L’ambassadrice du Canada en Ukraine, Larisa Galadza, a déclaré que bien qu’elle soit de retour à l’ambassade à Kiev, la situation sur le terrain est encore « très surréaliste » et que le personnel limité présent se concentre sur la diplomatie « en face à face » alors que la plupart des demandes pour obtenir de l’aide, on leur dit de demander de l’aide en ligne.

“Il y a des fenêtres condamnées. Les bâtiments du gouvernement sont remplis de sacs de sable. Il y a des postes de contrôle importants sur les routes, une présence lourdement armée dans la capitale, et cela crée un environnement très, très surréaliste”, a-t-elle déclaré dans une interview sur Power Play de CTV News Channel.

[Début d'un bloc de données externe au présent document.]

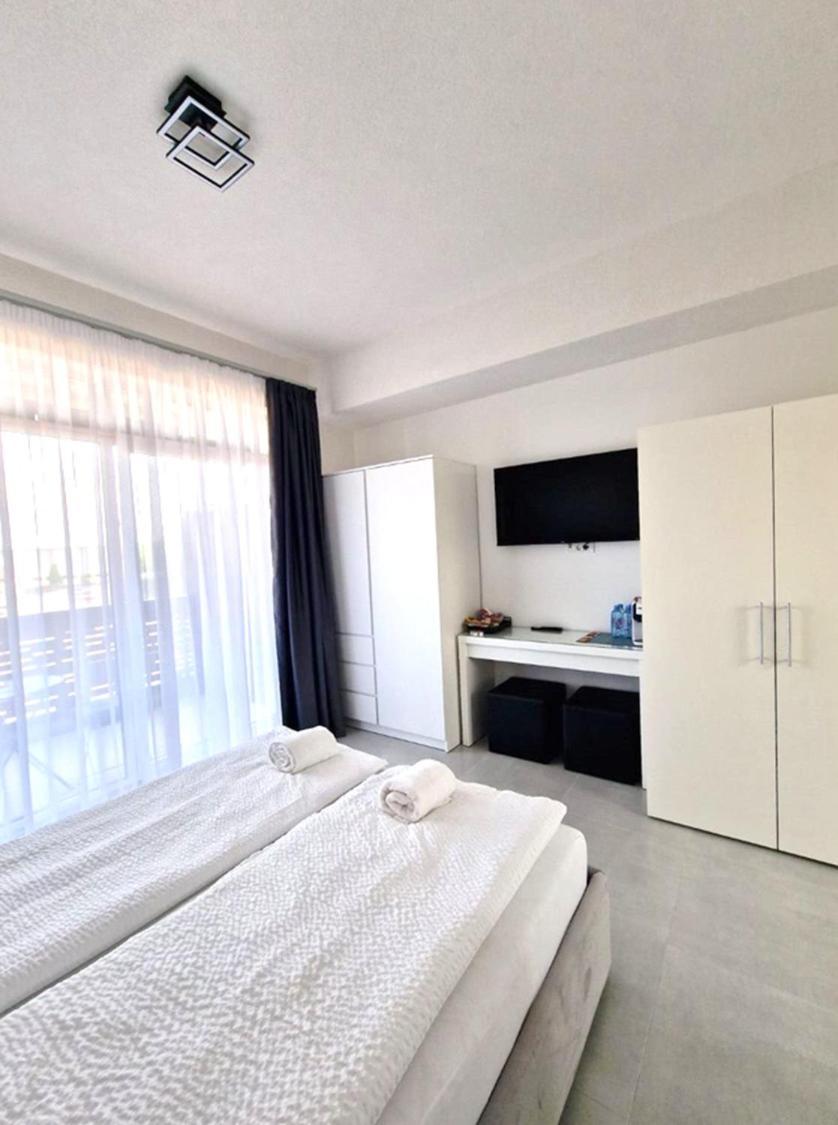 Bb Residence Arad Bagian luar foto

Bien que Galadza ait été rejoint par le premier ministre Justin Trudeau, la vice-première ministre Chrystia Freeland et la ministre des Affaires étrangères Melanie Joly le week-end dernier pour marquer la réouverture de l’ambassade du Canada, les services offerts sont encore très limités.

L’ambassadeur a déclaré que pour l’instant, il est logique d’exploiter des services consulaires et d’immigration à partir de la Pologne, car s’il y a quelque chose que les autorités canadiennes peuvent aider, c’est quelque chose lié à la frontière, comme les passeports. Sinon, ceux qui recherchent de l’aide à Kiev sont dirigés vers des formulaires de demande en ligne et des adresses e-mail.

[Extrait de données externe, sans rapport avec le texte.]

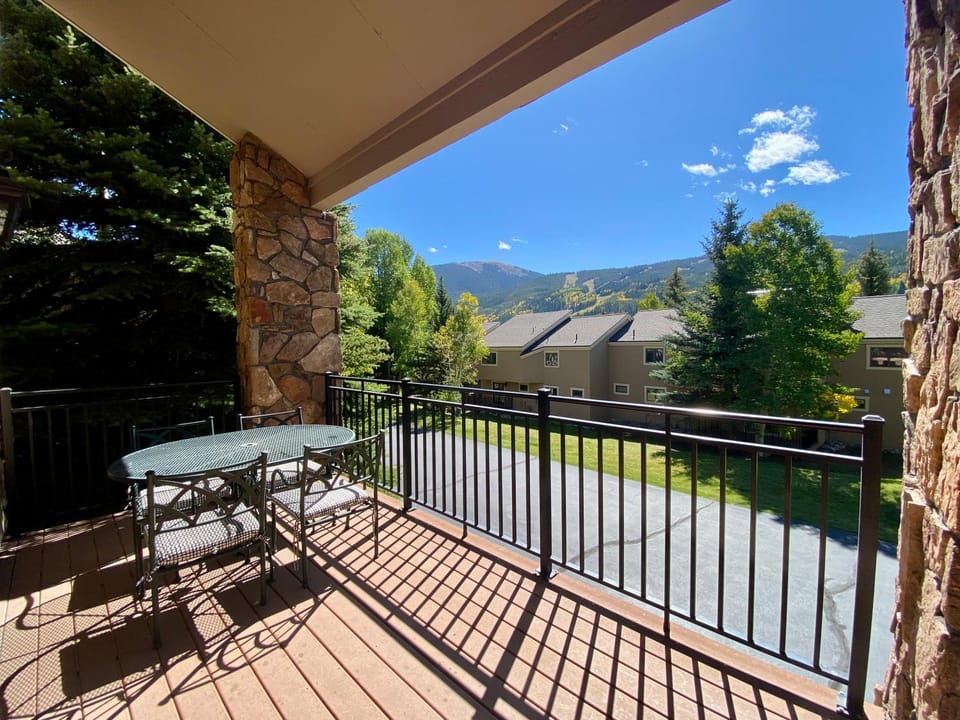 Enclave 12 by SummitCove Lodging House in Keystone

Interrogée sur le travail qu’elle fait à l’ambassade, Galadza a déclaré que la présence diplomatique limitée à l’ambassade est là “pour faire le travail diplomatique et politique qui ne peut être fait qu’en face à face avec… des interlocuteurs ukrainiens, avec des militants de la société civile ukrainienne , avec des parlementaires et des ministres et ce genre de choses.”

Regardez l’entrevue complète avec l’ambassadeur du Canada dans la vidéo en haut de cet article.